>>>>
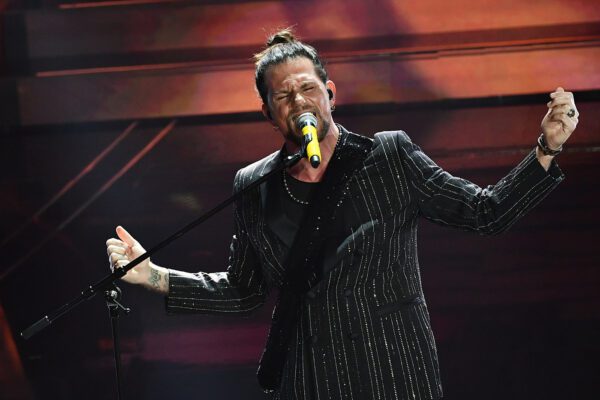 Enrico Nigiotti canta “Baciami adesso”, testo e musica della canzone di Sanremo 2020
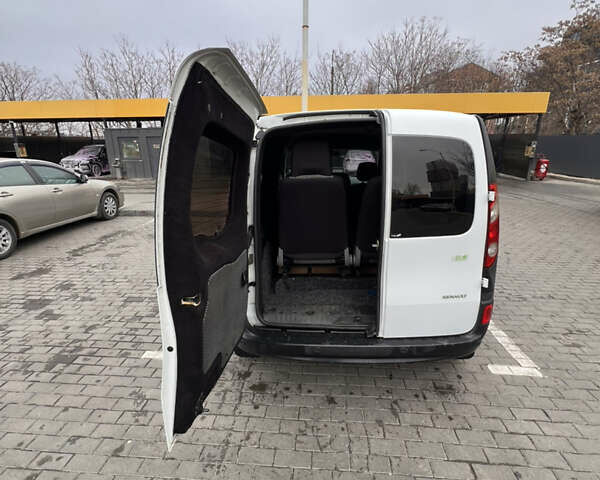 Белый Рено Кенгу, объемом двигателя 1.46 л и пробегом 172 тыс. км за 8200 $, фото 6 на Automoto.ua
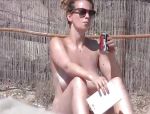 Zoccole francesi sulla spiaggia nudista #5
<<<<
[TASK ITEM]: Restate each line of the material word for word, skipping any picture.

[ANSWER BELOW]:
 Enrico Nigiotti canta “Baciami adesso”, testo e musica della canzone di Sanremo 2020
 Белый Рено Кенгу, объемом двигателя 1.46 л и пробегом 172 тыс. км за 8200 $, фото 6 на Automoto.ua
 Zoccole francesi sulla spiaggia nudista #5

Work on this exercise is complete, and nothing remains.